YOUR INSTRUCTIONS:
Return the lines of the listing below exactly as they appear, beginning at the one with "7265 Bromfield Dr, Canal" and stopping after the one with "Outdoor living area"; do not include pictures.

SOURCE DATA:
----

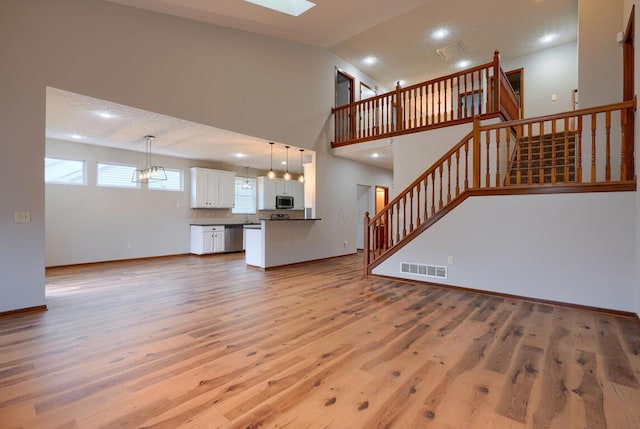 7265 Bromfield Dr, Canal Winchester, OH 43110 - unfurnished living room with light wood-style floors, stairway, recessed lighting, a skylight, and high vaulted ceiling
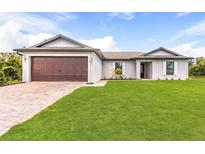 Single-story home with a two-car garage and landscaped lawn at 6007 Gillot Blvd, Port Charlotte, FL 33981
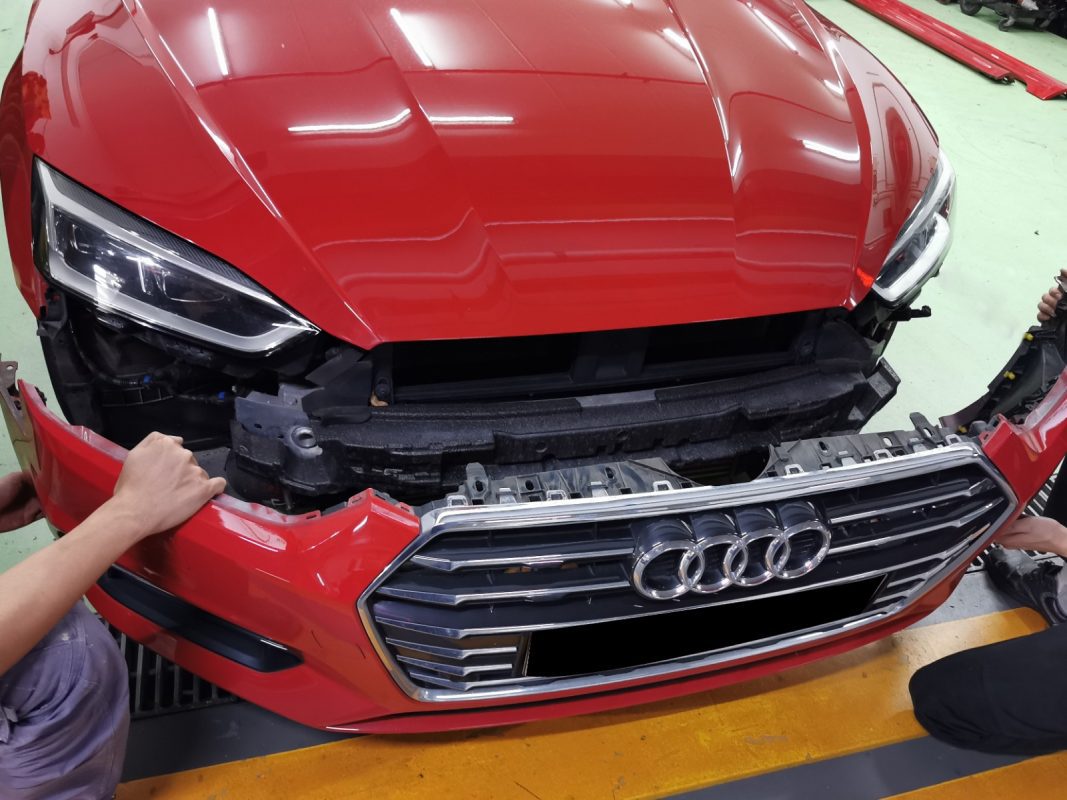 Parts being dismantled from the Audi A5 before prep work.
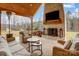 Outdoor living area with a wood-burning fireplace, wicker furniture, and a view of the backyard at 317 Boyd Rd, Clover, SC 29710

----

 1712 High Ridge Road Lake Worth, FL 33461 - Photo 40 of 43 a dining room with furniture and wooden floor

----

EXERCISE RESULT:
 7265 Bromfield Dr, Canal Winchester, OH 43110 - unfurnished living room with light wood-style floors, stairway, recessed lighting, a skylight, and high vaulted ceiling
 Single-story home with a two-car garage and landscaped lawn at 6007 Gillot Blvd, Port Charlotte, FL 33981
 Parts being dismantled from the Audi A5 before prep work.
 Outdoor living area with a wood-burning fireplace, wicker furniture, and a view of the backyard at 317 Boyd Rd, Clover, SC 29710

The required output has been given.